The measurement of the spin of the electron serves as the simplest example of the fundamental nature of a free binary choice.  Imagine that a particular spin state is formed using a Stern-Gerlach apparatus.  Subsequently, the electron spends its metaphorical life responding to the stimuli it encounters, somewhat like a human being making choices.  The elevator arrives and the operator asks "Are you interested in going up or down today?"  Being in the pure spin-up state, it responds "up."  When the door opens, it is presented with a left-right choice and turns right, at which point is sees a ladder and makes the choice to climb up or down at a 45 degree angle.  When another electron is prepared to be in the identical initial state as the first one and is provided with the same alternatives, it is observed to make different choices.  Two individuals with free will could be imagined behaving differently as do the electrons, responding in what appears to be a nondeterministic way when presented with the same choices.  Does the appearance of nondeterministic behavior imply that free will is at work?

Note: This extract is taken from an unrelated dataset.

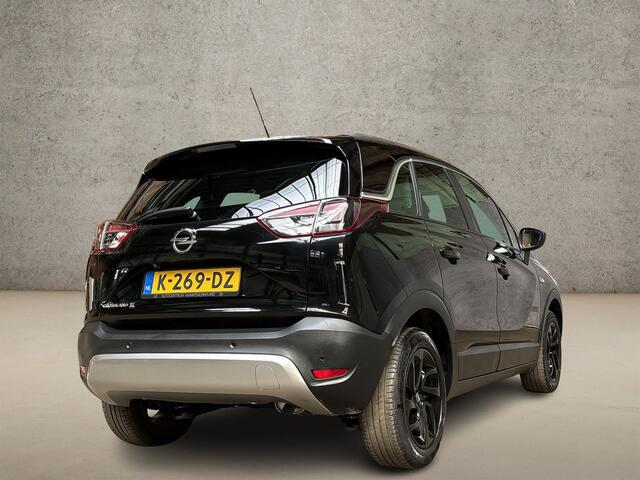 Opel Crossland X 1.2 Turbo Innovation Sport (APPLE CARPLAY, BLACK PACK, NAVIGATIE, CLIMATE, KEYLESS, LEDER, SPORTSTOELEN, GETINT GLAS, LED KOPLAMPEN, PARKEERSENSOREN, NIEUWSTAAT)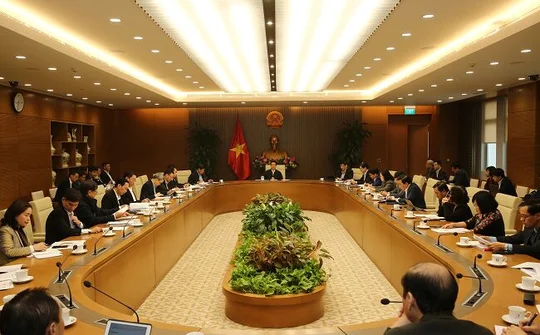 Ban Chỉ đạo quốc gia họp bàn thời gian đi học trở lại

We have seen that the probabilities of outcomes that are coded into the state vector are not the result of a cause in the classical sense.  The probabilities are built into the state vector and are determined from how the system was prepared and from what perspective the measurement is taken.  In the case of a coin toss, we don't know the outcome until it hits the floor.  However, this is willful ignorance in the sense that a high-speed video camera could record a movie of the spinning quarter, which could be analyzed to predict the outcome before the coin lands.  In the quantum case, the outcome is absolutely unknown to any observer, because the system is in what's called a superposition of states, where the outcomes are mixed together.  The act of the measurement then forces the state vector to collapse into just one of the possible states based on the probabilities built into the state vector.

The conclusion from this analysis is that variability in the actions of two individual electrons need not imply causative factors.  Quantum effects lead naturally to such variability in the case when two electrons are prepared in the same way and placed in the same environment.

Particles in the quantum world behave in many ways like humans.  For the electron, future choices are made based on probabilities that are determined from the initial conditions, not unlike the cards we are dealt at birth.  It is possible to impose evolutionary forces on an electron to favor a spin-up state.  For example, if the electron is initially in a spin-down state, first do a horizontal measurement, which will result in a spin-left or spin-right state, each of equal probability.  Once in the spin-left or spin-right state, a vertical measurement will collapse the state vector into a spin-up state half the time.  If the electron is found to be in the spin-up state, the goal is achieved,  If the spin-down state results, restart the process again by measuring the horizontal then vertical spin.  Each pair of vertical/horizontal measurements has a 1/2 probability of flipping the spin to the desired spin-up state, so the desired state can be reached with high probability after only a few iterations of the selection process.  This behavior can act as a metaphor for evolutionary forces that favor a particular spin orientation, or upbringing that defines the character of the individual.

The spin of one electron, then, can display the behavior of intention and conscious choice; but, the mathematical structure of the state vector and the constraints imposed by Bell's theorem removes the possibility for the action of free will and demands that the state vector be definitive.  As such, the probabilities are determined definitively from the initial conditions and the measurement axis.  Since the world is not made of single electrons, we next consider two electrons that act together as the precursor to an inductive argument that can be applied to more complex systems, including conscious beings.


The electron may seem to have little to do with our everyday lives, but they are essential in defining the character of atoms, are central to chemical bonds that make the molecules of life, and are fundamental to our senses.  The sensation of touch comes from repulsive forces between electrons and we see things because of light scattering from or being absorbed by electrons in atoms and molecules.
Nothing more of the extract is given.